- Task directions: Only the lines below from the one containing "Building Photo - 17555 Collins Ave" through the one containing "Dai un'occhiata agli" belong in the answer, repeated exactly and without pictures.

- Extracted material:
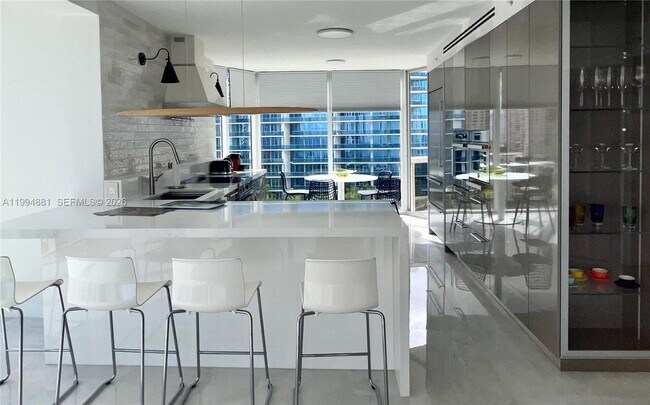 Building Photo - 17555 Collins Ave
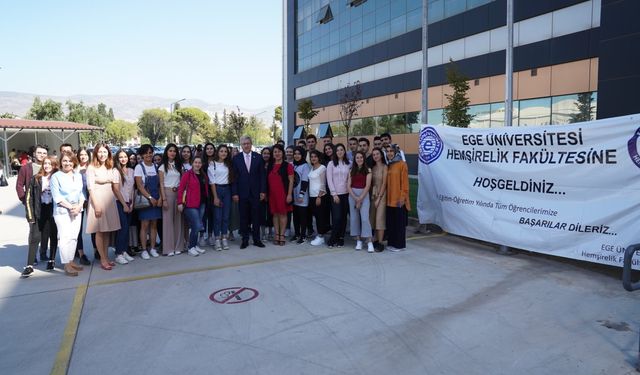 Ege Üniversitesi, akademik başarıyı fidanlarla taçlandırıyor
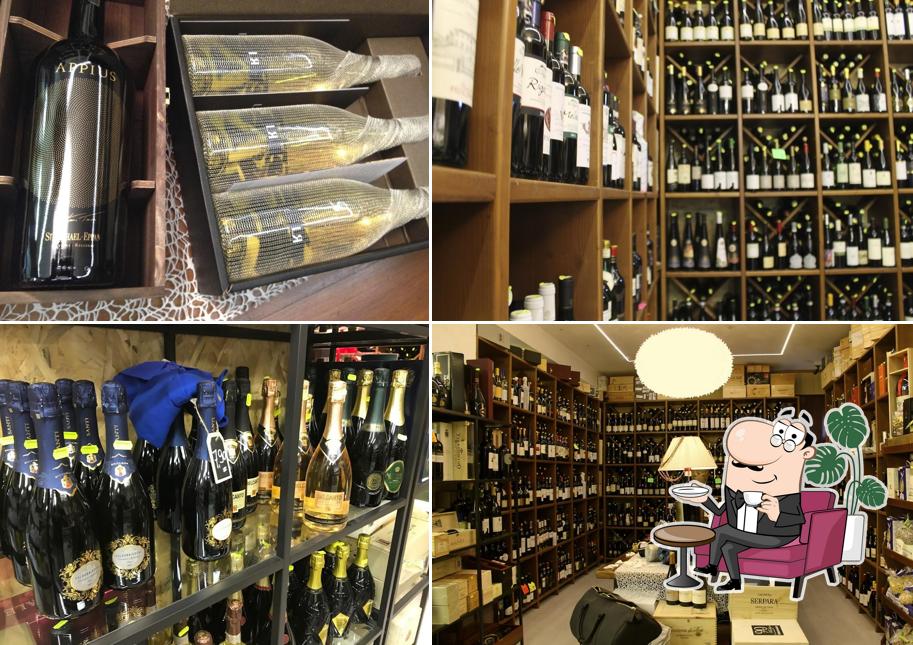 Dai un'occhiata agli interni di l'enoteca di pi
...
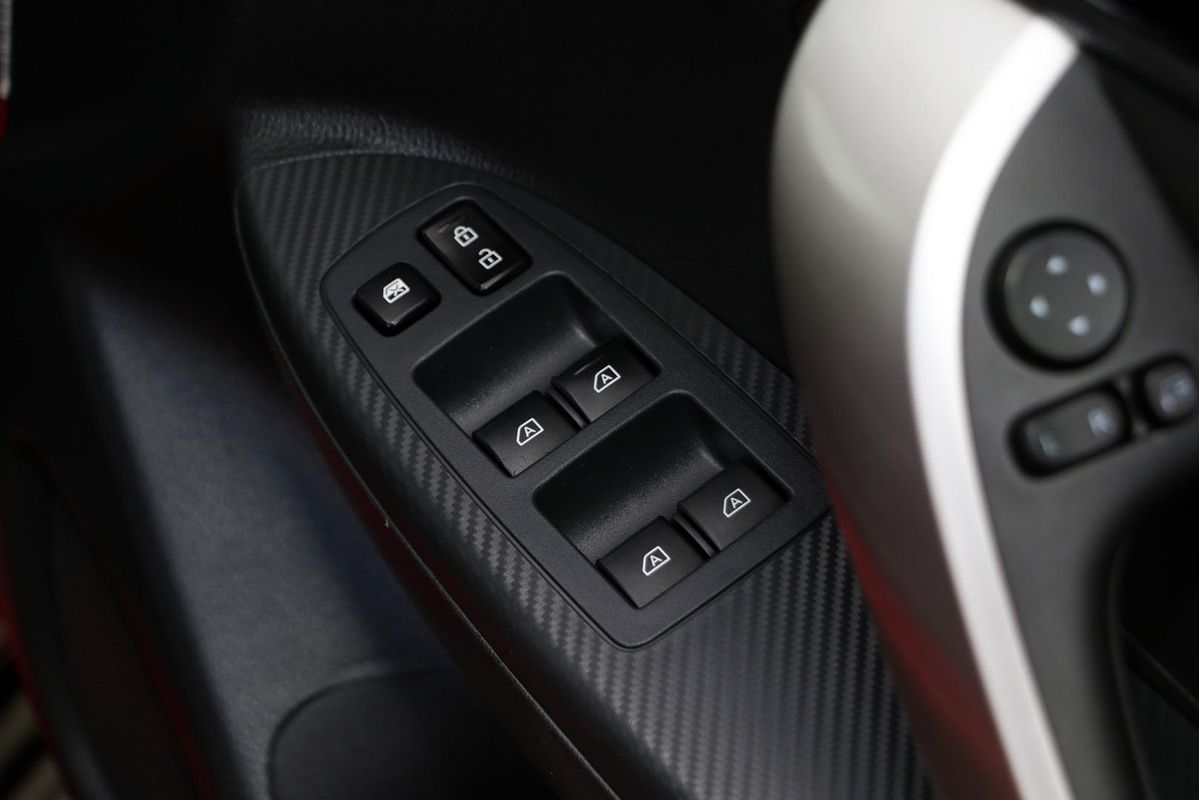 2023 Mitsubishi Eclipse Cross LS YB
...
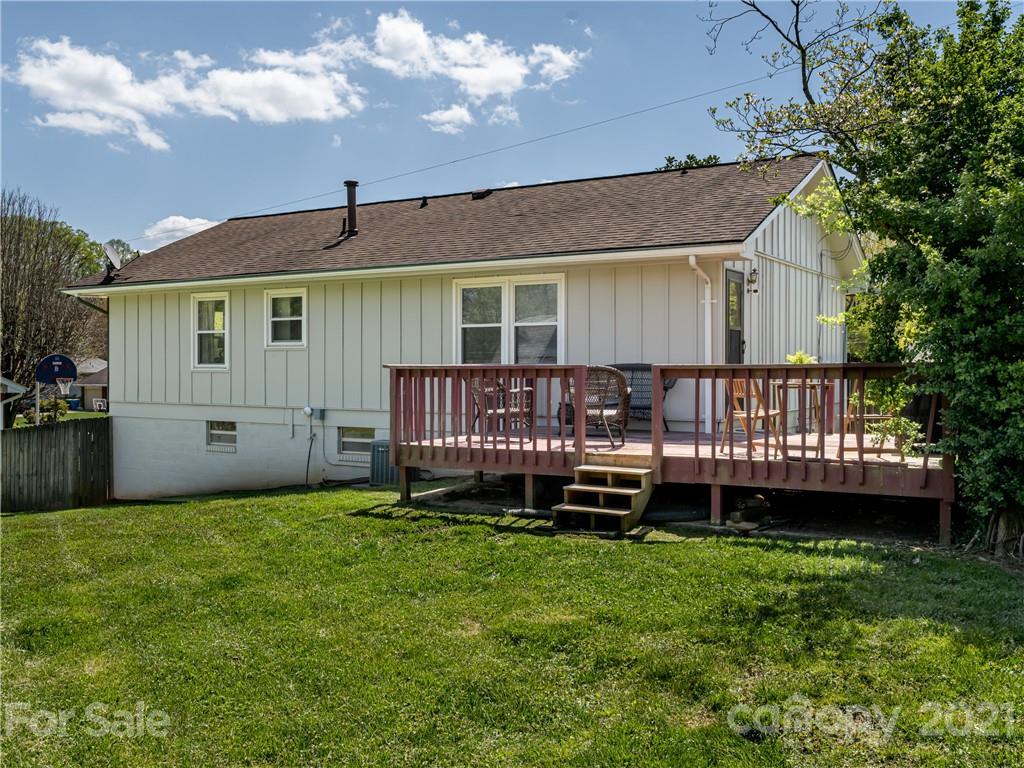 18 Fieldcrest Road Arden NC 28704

- Response:
 Building Photo - 17555 Collins Ave
 Ege Üniversitesi, akademik başarıyı fidanlarla taçlandırıyor
 Dai un'occhiata agli interni di l'enoteca di pi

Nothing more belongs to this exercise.